### Task item
A word-for-word copy is needed of the line containing "ESSP One Size" and every line after it through the end of the records below, leaving out all pictures.

Stored records
▬▬▬▬▬▬

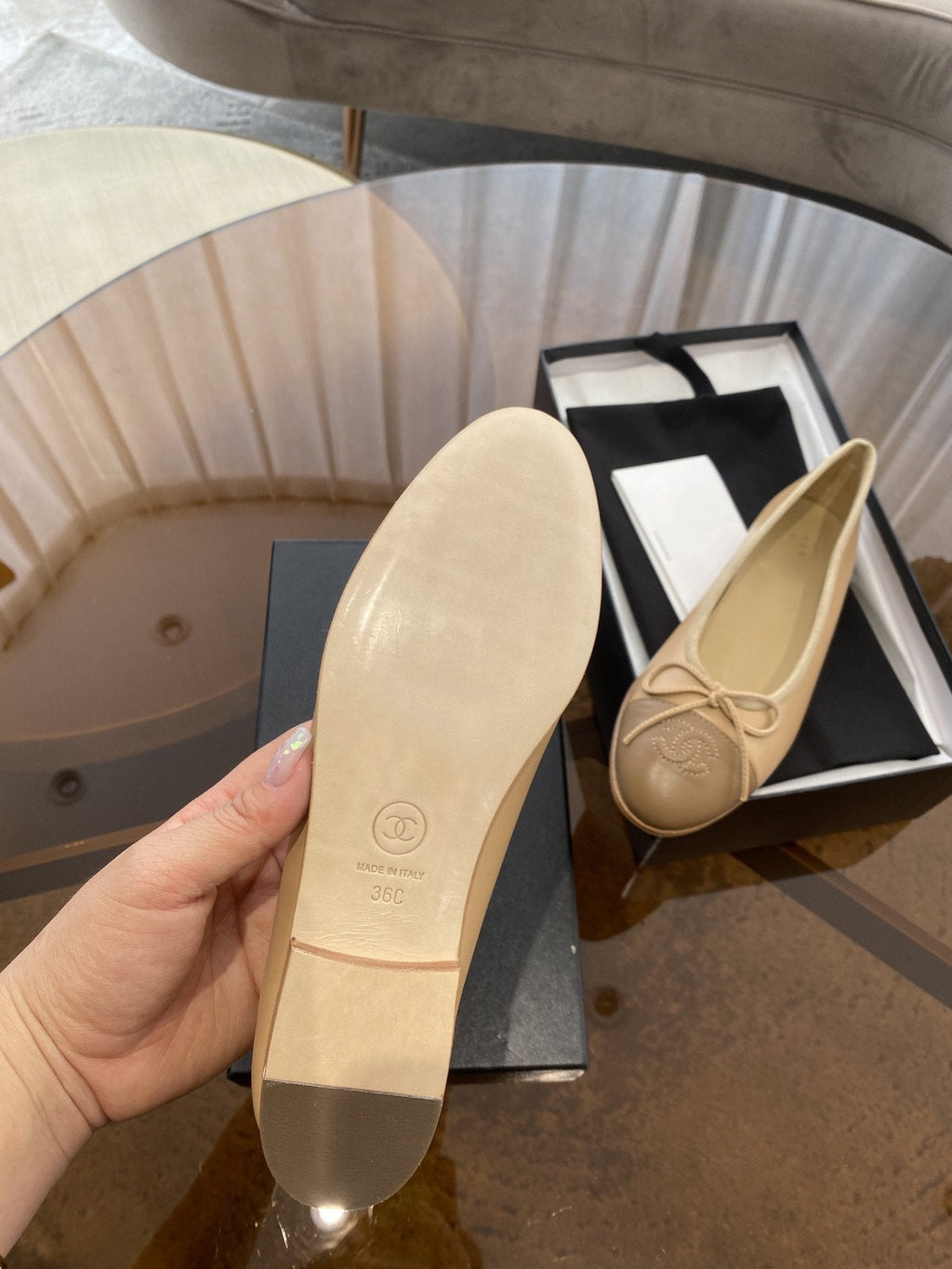 CHANEL BALLET FLATS BEIGE BROWN LAMBSKIN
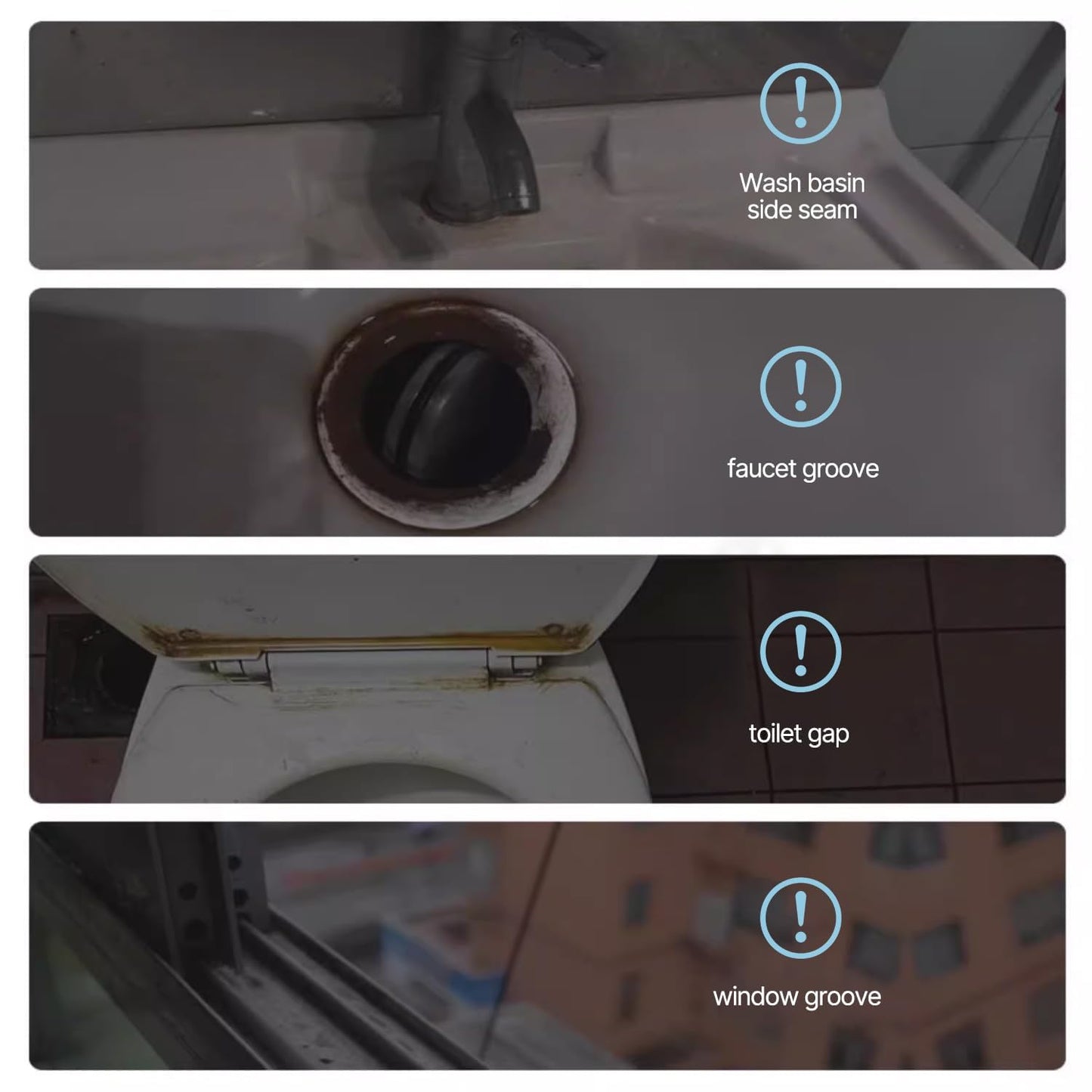 EZ LIVING 3Pcs Gap Cleaning Brush with Long Handle - Hard Bristle Crevice Cleaner for Home & Kitchen, Wash Basin, Sink, Sliding Window, Stove, Toilet Seat, Gas - Small Scrub Brush for Deep Cleaning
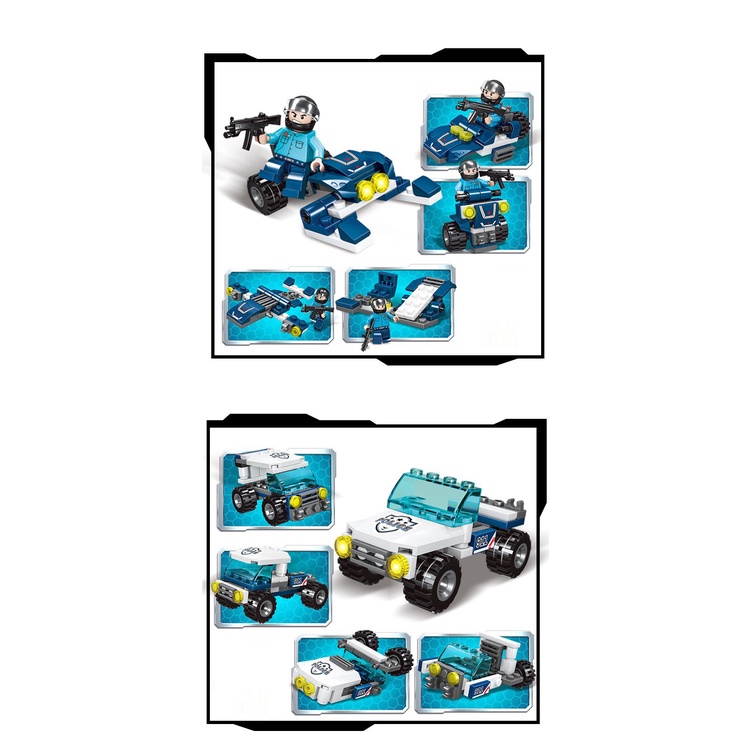 OTO SWAT 350 Chi Tiết - 43 Tạo Hình - Bộ Đồ Chơi Lắp Ghép Xe Cảnh Sát, Láp ráp Robot, Trực Thăng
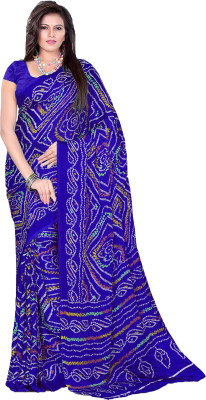 

Aaradhya Fashion Printed Bandhani Handloom Crepe Saree(Blue)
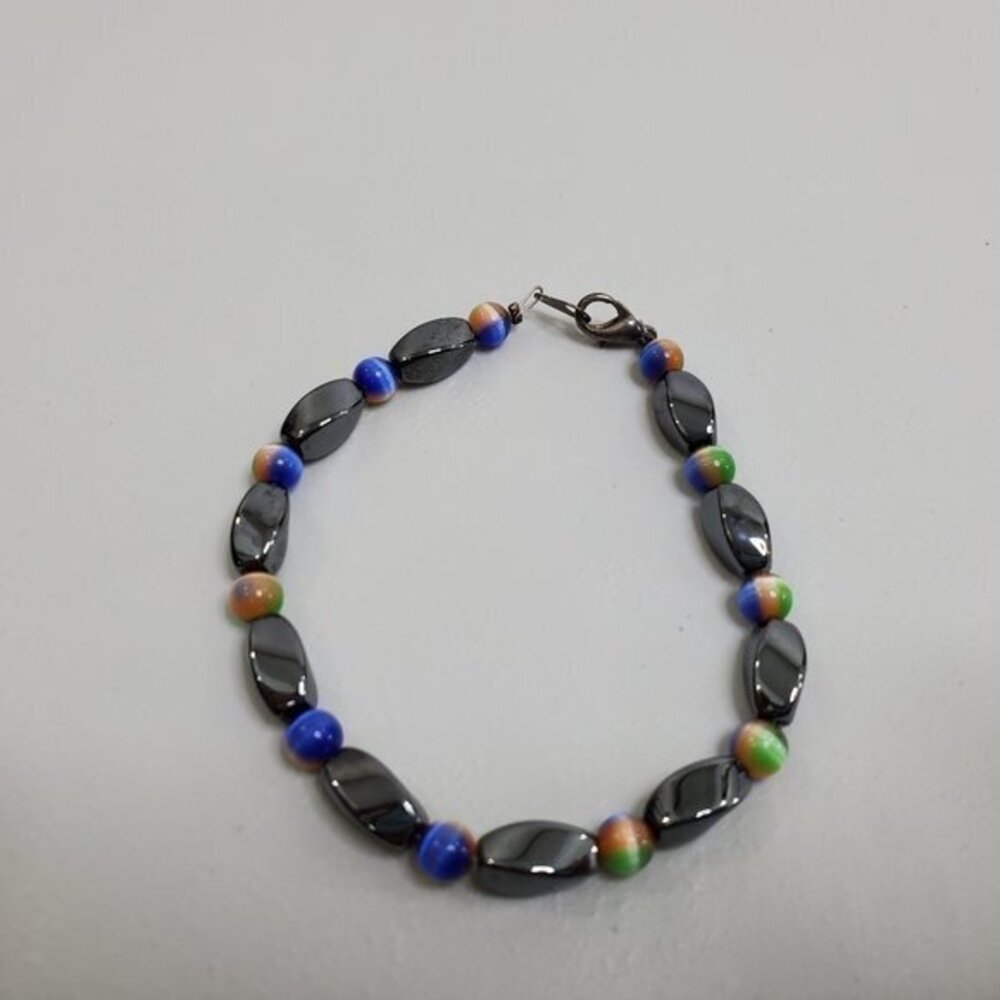 Beaded‎ Bracelet Hematite Gray Blue Orange 8 Inch W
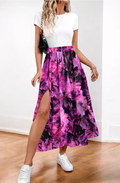 ESSP One Size Italian Purple Bloom Slit Maxi Skirt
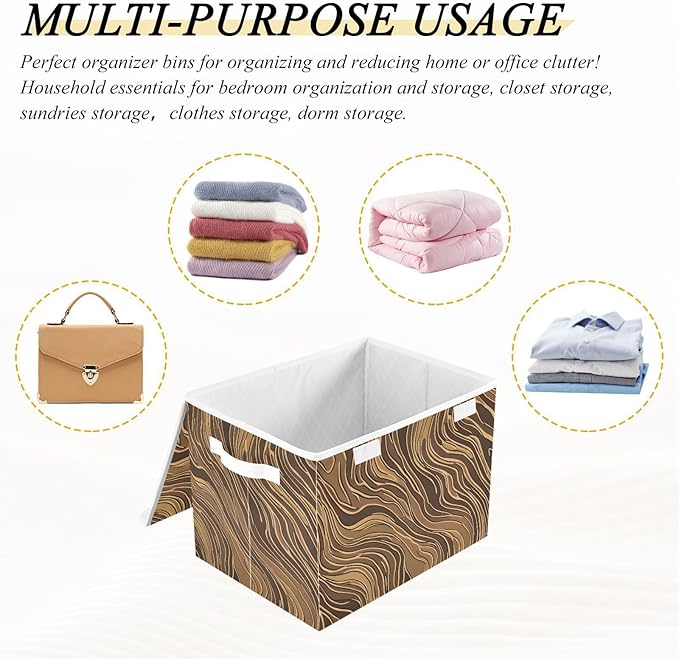 Dark Brown Stripe Lidded Storage Bins with Handles - 16.5x12.6x11.8 Foldable Organizing Box Oxford Fabric &amp Honeycomb Board Dust-Proof Flip Lid for Closet/Office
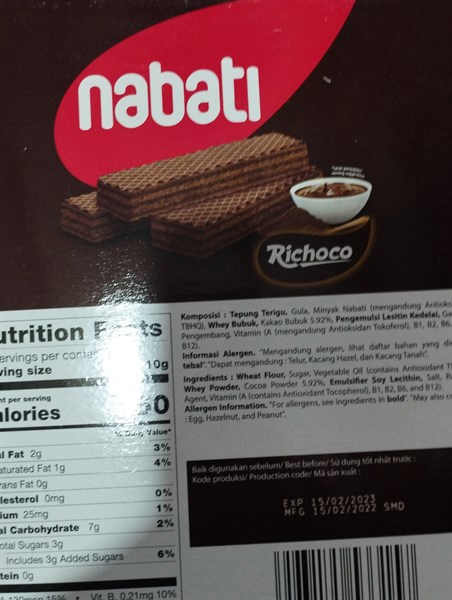 Bánh Nabati socola 340g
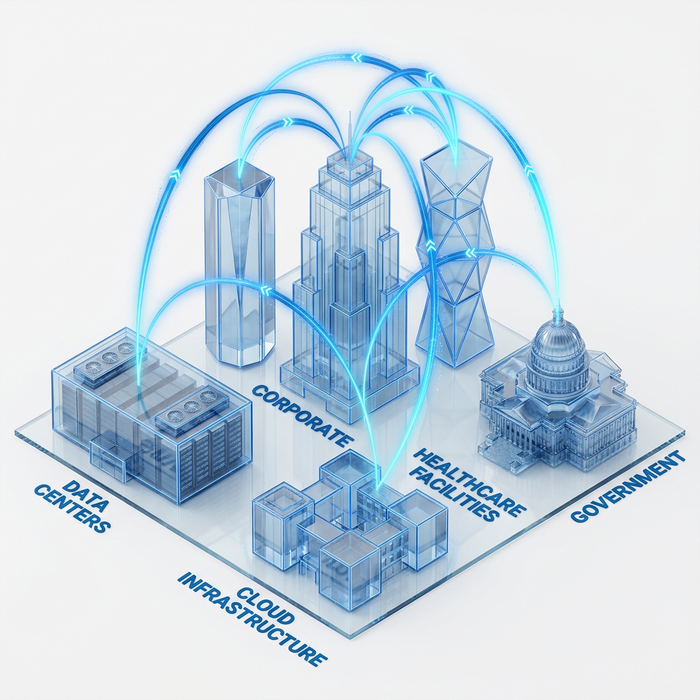 An ecosystem architecture spanning data centers, cloud infrastructure, corporate systems, healthcare facilities, and government.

▬▬▬▬▬▬

### The completed task
 ESSP One Size Italian Purple Bloom Slit Maxi Skirt
 Dark Brown Stripe Lidded Storage Bins with Handles - 16.5x12.6x11.8 Foldable Organizing Box Oxford Fabric &amp Honeycomb Board Dust-Proof Flip Lid for Closet/Office
 Bánh Nabati socola 340g
 An ecosystem architecture spanning data centers, cloud infrastructure, corporate systems, healthcare facilities, and government.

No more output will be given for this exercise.